> rust-query manages migrations and reads the schema from the database to check ...

kelnos · 2024-11-30T20:58:23 1733000303

It's a bummer that you've been downvoted, because it really does seem like people here have not operated databases at scale.

I will never claim that we were great at managing databases at Twilio, but often a schema change would take hours, days, or even a week or two to complete. We're taking about tables with hundreds of millions of rows, or more.

We'd start the change on a DB replica. When it would finish, we would have to wait for the replica to catch up with the primary. Then we would bring up new replicas, replicating from the replica with the new schema. Finally that replica would get promoted to primary, with all the old replicas (and the old primary, of course) removed from service, and the new replicas brought in.

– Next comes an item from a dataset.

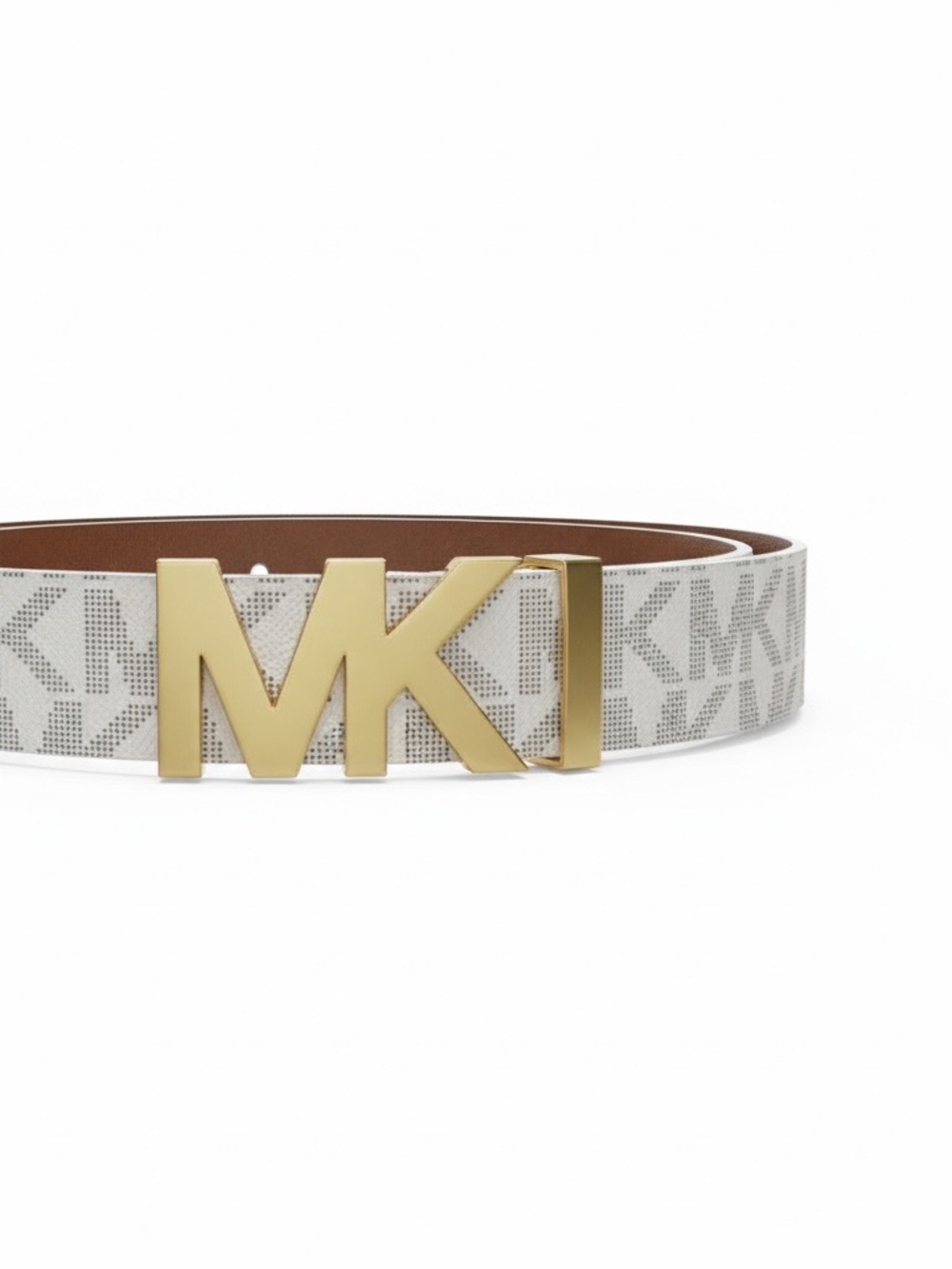 Michael Kors White Logo MK Gold Buckle Reversible Belt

Only then could we deploy code that was aware of and used the updated schema. The previous code of course had to ignore unknown columns, and if we ever wanted to drop a column, we had to first deploy code that would stop using that column. Any column type changes would need to be backwards-compatible. If that wasn't possible, we'd have to add a new column and backfill it. Adding indexes would usually be fine without preparatory code changes, but if we wanted to drop an index we'd first have to make sure there were no queries still depending on it.

Even for a "small" schema change that "only" took minutes or a few tens of seconds to complete, we'd still have to use this process. What, do you think we'd shut part or all of a real-time communications platform down while we do a schema change? Of course not.

The idea that the application could or should be in control of this process, or could always be in sync with the database when it came to its understanding of the schema, is impossibly unrealistic.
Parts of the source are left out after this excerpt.